| DATA SECTION |
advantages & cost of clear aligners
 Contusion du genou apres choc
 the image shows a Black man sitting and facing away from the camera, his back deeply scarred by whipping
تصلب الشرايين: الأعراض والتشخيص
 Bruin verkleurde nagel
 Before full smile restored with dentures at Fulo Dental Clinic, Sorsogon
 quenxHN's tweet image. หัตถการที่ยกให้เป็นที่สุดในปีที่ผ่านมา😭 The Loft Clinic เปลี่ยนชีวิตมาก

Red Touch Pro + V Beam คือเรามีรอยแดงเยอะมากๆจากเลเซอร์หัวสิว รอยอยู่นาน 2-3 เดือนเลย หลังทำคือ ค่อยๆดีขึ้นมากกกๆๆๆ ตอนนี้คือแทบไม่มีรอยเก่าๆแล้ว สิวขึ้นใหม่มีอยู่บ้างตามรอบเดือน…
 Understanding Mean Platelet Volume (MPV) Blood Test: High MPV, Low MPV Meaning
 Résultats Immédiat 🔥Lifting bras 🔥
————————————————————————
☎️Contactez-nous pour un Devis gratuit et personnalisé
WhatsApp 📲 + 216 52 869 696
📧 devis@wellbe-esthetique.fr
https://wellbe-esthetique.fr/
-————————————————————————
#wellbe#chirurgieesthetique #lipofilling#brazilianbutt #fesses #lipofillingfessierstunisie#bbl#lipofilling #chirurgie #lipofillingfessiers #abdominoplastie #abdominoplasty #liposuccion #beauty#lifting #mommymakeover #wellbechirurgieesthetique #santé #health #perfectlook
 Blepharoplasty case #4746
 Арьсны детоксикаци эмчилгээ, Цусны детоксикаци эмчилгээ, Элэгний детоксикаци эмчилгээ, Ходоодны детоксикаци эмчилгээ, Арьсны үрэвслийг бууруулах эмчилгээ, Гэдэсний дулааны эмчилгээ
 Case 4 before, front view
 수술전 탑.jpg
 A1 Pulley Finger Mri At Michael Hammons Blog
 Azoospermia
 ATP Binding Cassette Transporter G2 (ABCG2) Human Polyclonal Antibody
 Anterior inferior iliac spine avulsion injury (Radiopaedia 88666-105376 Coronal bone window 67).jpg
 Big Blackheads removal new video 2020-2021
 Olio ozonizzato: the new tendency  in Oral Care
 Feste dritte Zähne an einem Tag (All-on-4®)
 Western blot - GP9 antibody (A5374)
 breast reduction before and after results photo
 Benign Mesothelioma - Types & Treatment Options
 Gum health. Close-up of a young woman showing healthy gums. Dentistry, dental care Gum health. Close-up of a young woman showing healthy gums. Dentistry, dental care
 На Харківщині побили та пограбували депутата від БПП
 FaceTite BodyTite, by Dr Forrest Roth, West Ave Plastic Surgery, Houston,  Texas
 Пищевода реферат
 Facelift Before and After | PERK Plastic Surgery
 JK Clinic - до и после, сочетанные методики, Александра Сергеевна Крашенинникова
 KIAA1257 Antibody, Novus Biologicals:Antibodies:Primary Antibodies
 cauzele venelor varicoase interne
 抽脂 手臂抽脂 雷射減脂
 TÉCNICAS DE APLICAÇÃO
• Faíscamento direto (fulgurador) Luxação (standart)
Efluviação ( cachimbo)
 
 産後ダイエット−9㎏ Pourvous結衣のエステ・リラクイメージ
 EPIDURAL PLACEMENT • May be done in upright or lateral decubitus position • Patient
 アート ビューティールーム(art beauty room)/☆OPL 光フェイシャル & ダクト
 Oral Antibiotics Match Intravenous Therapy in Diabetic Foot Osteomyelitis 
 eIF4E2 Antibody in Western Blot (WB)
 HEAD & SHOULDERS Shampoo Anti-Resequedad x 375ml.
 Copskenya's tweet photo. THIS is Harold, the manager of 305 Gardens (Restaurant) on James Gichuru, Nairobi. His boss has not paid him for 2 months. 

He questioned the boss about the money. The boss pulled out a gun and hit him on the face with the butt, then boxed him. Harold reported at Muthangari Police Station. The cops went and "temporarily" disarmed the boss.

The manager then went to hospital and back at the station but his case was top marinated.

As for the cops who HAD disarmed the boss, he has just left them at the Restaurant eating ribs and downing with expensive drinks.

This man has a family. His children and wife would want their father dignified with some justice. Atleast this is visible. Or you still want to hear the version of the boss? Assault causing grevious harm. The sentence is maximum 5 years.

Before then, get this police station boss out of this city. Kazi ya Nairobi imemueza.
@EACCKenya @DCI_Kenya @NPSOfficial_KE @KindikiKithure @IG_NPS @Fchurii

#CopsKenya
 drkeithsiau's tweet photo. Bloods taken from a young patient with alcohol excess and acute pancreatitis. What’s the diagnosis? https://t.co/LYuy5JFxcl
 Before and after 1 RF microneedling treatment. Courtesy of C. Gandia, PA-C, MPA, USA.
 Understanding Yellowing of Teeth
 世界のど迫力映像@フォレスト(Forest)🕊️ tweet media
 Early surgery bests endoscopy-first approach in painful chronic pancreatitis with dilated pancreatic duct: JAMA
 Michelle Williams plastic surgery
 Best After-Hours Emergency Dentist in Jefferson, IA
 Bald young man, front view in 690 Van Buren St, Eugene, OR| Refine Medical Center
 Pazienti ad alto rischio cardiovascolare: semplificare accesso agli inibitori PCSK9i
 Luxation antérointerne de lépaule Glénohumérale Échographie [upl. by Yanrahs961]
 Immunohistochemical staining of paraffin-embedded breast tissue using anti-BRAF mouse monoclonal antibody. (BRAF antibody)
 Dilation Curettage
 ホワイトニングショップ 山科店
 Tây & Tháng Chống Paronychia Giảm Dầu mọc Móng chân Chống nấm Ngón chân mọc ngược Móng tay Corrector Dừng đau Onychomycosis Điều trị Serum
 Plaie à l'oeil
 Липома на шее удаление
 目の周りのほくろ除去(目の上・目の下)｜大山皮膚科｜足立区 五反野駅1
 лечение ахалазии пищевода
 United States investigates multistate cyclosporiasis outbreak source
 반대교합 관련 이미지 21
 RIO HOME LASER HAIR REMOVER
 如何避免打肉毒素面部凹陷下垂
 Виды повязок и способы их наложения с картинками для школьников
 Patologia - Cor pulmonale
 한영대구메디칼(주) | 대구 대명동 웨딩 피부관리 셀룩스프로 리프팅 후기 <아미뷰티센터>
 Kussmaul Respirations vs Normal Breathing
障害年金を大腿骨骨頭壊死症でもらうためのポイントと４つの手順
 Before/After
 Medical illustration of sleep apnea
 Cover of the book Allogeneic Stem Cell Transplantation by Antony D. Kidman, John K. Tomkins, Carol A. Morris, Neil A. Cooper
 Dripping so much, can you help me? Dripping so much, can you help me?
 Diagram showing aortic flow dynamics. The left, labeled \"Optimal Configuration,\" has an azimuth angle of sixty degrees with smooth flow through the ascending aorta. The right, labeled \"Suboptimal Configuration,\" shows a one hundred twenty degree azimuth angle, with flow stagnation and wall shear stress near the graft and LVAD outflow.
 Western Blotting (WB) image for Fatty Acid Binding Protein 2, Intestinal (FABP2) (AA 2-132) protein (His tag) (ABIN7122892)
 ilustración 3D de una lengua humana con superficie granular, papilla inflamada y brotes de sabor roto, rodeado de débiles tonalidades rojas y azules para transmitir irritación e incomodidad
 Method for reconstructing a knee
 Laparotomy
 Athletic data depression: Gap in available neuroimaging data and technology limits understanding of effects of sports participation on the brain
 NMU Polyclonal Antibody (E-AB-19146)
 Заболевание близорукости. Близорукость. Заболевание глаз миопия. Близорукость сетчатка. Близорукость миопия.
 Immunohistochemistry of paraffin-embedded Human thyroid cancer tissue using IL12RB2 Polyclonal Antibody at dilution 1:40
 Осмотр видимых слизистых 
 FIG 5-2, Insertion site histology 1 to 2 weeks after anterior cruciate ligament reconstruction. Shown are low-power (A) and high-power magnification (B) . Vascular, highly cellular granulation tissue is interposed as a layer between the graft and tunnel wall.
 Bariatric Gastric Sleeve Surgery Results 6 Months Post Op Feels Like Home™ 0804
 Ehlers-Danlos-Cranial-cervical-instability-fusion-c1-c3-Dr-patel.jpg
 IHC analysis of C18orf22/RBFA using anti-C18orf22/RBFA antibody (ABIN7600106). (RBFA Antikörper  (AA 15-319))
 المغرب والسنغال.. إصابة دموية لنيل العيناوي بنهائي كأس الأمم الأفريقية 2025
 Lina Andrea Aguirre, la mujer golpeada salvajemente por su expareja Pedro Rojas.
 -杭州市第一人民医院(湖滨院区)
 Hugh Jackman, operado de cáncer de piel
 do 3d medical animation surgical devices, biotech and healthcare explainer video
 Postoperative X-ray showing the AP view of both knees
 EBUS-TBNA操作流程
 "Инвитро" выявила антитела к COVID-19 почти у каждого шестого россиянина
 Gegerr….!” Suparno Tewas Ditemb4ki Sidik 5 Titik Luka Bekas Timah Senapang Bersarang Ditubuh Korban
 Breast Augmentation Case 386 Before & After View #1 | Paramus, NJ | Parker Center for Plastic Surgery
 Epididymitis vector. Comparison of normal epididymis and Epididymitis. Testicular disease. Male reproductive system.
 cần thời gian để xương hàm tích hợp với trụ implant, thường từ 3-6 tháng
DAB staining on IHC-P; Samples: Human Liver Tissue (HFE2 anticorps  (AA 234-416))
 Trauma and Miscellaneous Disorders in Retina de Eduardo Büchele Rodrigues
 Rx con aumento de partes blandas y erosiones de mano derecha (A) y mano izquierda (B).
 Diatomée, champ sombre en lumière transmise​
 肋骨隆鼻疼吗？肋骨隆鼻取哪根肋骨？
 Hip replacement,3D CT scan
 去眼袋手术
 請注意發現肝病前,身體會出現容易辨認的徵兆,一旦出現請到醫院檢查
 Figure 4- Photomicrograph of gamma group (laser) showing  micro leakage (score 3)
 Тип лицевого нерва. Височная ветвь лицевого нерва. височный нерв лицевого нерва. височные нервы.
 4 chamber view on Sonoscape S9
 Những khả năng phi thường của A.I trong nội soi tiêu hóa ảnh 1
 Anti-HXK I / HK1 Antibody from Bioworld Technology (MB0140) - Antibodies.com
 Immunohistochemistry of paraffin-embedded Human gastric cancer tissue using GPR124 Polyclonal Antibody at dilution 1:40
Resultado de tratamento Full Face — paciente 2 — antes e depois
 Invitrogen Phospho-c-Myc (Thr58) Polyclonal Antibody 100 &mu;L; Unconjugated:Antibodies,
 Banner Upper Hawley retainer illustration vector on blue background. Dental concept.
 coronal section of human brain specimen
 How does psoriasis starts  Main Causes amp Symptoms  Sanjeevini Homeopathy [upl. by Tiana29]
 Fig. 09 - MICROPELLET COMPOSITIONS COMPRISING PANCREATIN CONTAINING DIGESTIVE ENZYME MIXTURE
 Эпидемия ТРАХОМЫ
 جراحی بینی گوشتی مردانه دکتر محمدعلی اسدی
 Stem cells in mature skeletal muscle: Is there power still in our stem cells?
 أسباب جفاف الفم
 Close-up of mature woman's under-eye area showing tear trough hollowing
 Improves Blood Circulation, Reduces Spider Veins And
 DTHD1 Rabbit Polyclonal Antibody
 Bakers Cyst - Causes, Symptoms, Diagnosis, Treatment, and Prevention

| WORK INSTRUCTIONS |
Restate word for word the entries above, starting at the line with "Breast Augmentation Case" and ending at the line with "Trauma and Miscellaneous", inclusive, and no others.

| RESPONSE TO THE TASK |
 Breast Augmentation Case 386 Before & After View #1 | Paramus, NJ | Parker Center for Plastic Surgery
 Epididymitis vector. Comparison of normal epididymis and Epididymitis. Testicular disease. Male reproductive system.
 cần thời gian để xương hàm tích hợp với trụ implant, thường từ 3-6 tháng
DAB staining on IHC-P; Samples: Human Liver Tissue (HFE2 anticorps  (AA 234-416))
 Trauma and Miscellaneous Disorders in Retina de Eduardo Büchele Rodrigues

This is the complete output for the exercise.